From the US side, at 17:30 GMT, the Core PCE Price Index for September came in line with the expectations of 0.2% from the US. Personal Spending from the US surged to 1.4% from the estimated 1.0% and supported the US dollar. The Employment Cost Index for the quarter remained the same at 0.5%. The Personal Income for September rose to 0.9% from the projected 0.3% and supported the US dollar.
At 18:45 GMT, the Chicago PMI for October surged to 61.1 against the expected 58.2 and supported the US dollar. At 19:00 GMT, the Revised UoM Consumer Sentiment for October also advanced to 81.8 against the forecasted 81.2 and supported the US dollar. The Revised UoM Inflation Expectations for October came as 2.6% in comparison to September’s 2.7%.
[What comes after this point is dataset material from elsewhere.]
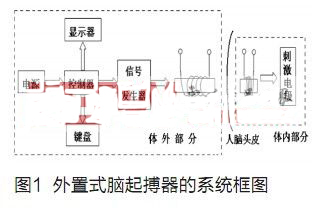 腦深部電刺激中的平面線圈信號耦合技術(shù)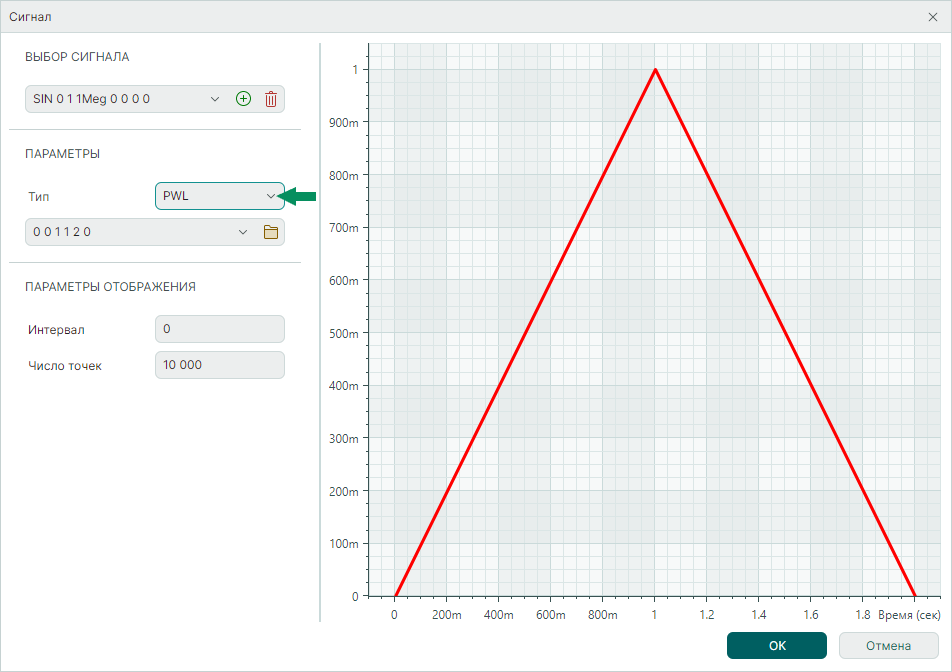 Рис. 1 Параметры кусочно-линейного сигнала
Most of the macroeconomic figures from the US came in favor of the local currency that added strength in the USD/CAD pair on the day.
Furthermore, the gains were extended in the late session as the crude oil prices declined on Friday and remained low till $41.0 per day. The declining crude oil prices weighed on commodity-linked Loonie and forced the US dollar to move higher and push the USD/CAD pair. Another factor involved in the upward trend of the USD/CAD pair was the latest decision by the Federal Reserve on Friday to decrease the minimum limit of short-term and medium-term loans to $100,000 from the previous $250,000 to support the small & medium-sized businesses.
Daily Technical Levels
Pivot point: 1.3330
The USD/CAD is trading with a selling bias falling from 1.3338 level to 1.3242 level, and it’s pretty much likely to drop further until the next support area of 1.3200 level. It’s the level that’s been extended by an upward trendline. The MACD histograms have also started forming below 0 supporting selling bias in the market. I will be looking to take a buy trade at this level of 1.3200 with a stop loss below the 1.3165 area and take profit level of 1.3340 mark. Good luck!